Le conventionnement sur la base d'objectifs lorsqu'il s'agit d'accompagner l'initiative citoyenne, la délégation de service public(7) lorsqu'ils s'agit d'enjeux et d'activités considérés comme tels par la (les) collectivité(s) publique(s) concernée(s) m'apparaissent être des instruments d'équilibre économique (et politique) à privilégier.

Notons au passage que les activités de services de solidarité ou de proximité ne sont pas les seules à pouvoir être analysées comme proposé ici.

Contrairement à ce qu'écrit Bruno Colin, le spectacle vivant (au même titre que nombres d'autres domaines de la création artistique) ne peut pas s'assimiler aux services de proximité. La production artistique répond à d'autres logiques(8) et son économie d'ensemble ne peut donc être que différente, même si l'équilibre général de l'économie de ce secteur ne peut être obtenu que grâce à des financements publics importants.
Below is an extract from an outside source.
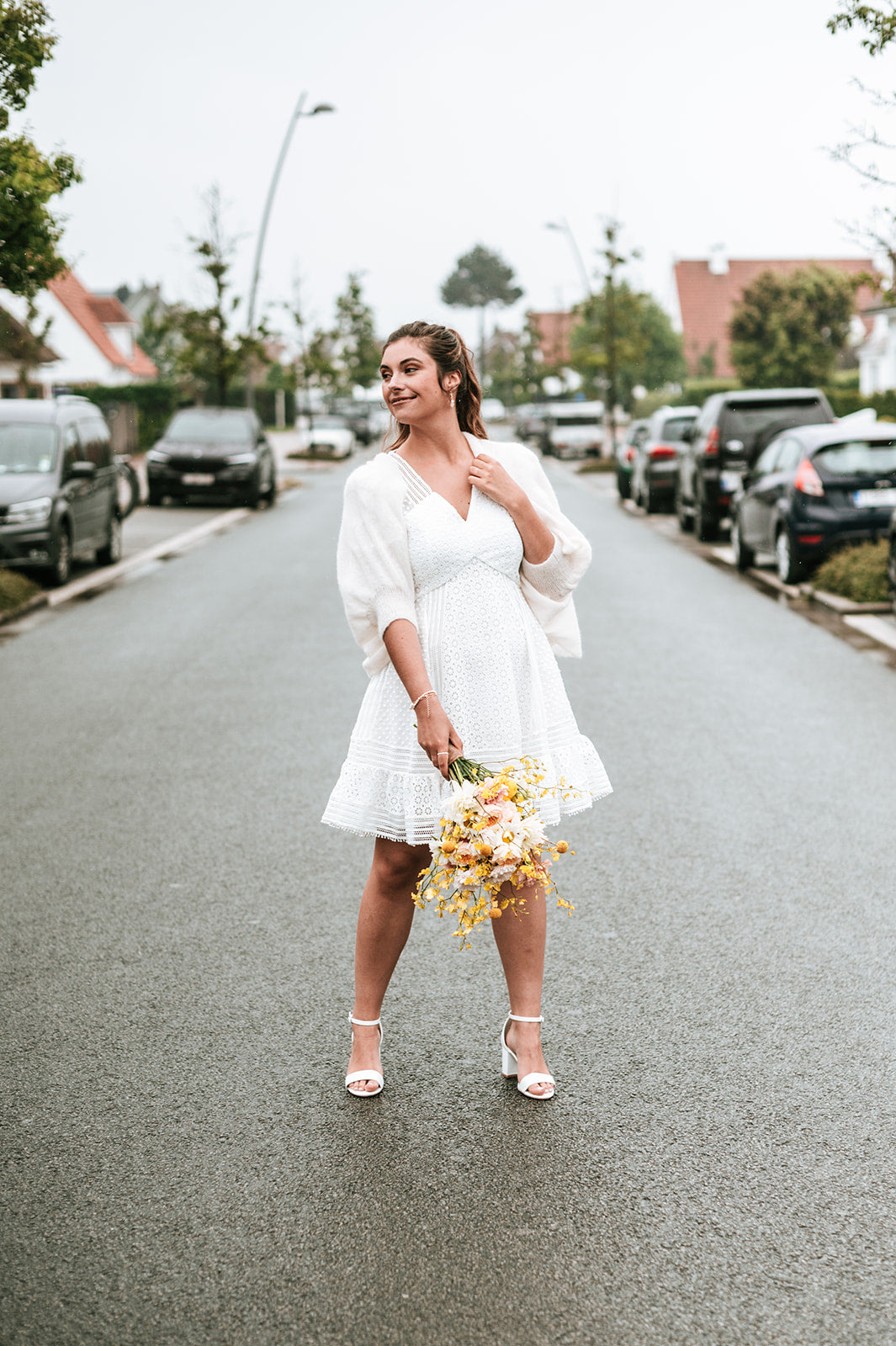 Sjaal Giselle + mouw off white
Ils se justifient non pas parce que ces activités sont déficitaires par nature, mais parce que les formes les plus exigeantes de la production artistique ne peuvent/doivent pas être subordonnées aux logiques de marché et que la tradition française (que d'autres pays ignorent et, souvent, nous envient) considère qu'il est d'intérêt général de protéger des logiques de marché par l'affectation de ressources publiques (c'est-à-dire par un effort de la collectivité tout entière)(9).

Dans ces conditions, ce n'est pas le fait qu'une société (au sens "forme juridique de l'entreprise") soit à but non lucratif (qui) devrait induire avec un certain automatisme des allégement de charges, c'est la nature et les finalités artistiques, culturelles, sociales, etc. et leur importance pour l'intérêt général et le service public (définis, à partir de critères précis, par des assemblées élues(10) et politiquement responsables, chacune pour leur territoire) qui devraient ouvrir droit à l'inscription dans un droit (fiscal avant tout, mais aussi social, pourquoi pas ?) spécifique (c'est-à-dire différent de celui qui s'applique à l'entreprise à but lucratif) et protecteur.

Il faut toutefois être très prudent sur les spécificités de ce droit. En matière de T V A, par exemple, le fait que certaines activités soient assujetties à des taux réduits constitue déjà un avantage important qu'il ne faudrait pas perdre au nom de la recherche d'exonérations trop systématiques. Par ailleurs, une application stricte de la législation actuelle éviterait d'ores et déjà certaines dérives. Par exemple, il n'y a pas automaticité entre assujettissement à la T.V.A. et à l'impôt sur les sociétés(11).

C'est du point de vue de la gestion désintéressée et du point de vue de celle qui fait appel aux citoyens souhaitant accompagner bénévolement le développement de (ces) activités qu'il y a à inventer des formes juridiques mieux adaptées(12).

Enfin, il faut insister sur le fait que la création d'une forme juridique nouvelle de société non profit, véritable entreprise n'ayant pas pour vocation de rémunérer un capital apporté par des actionnaires ne doit pas porter atteinte à la loi du 1er juillet 1901.

La forme associative doit demeurer un instrument privilégié pour que deux ou plusieurs personnes mettent en commun d'une façon permanente leurs connaissances ou leurs activités dans un but autre que le partage des bénéfices(13), car toutes les associations n'ont pas vocation à intervenir dans le champ économique ou à gérer des activités d'intérêt général ou de service public.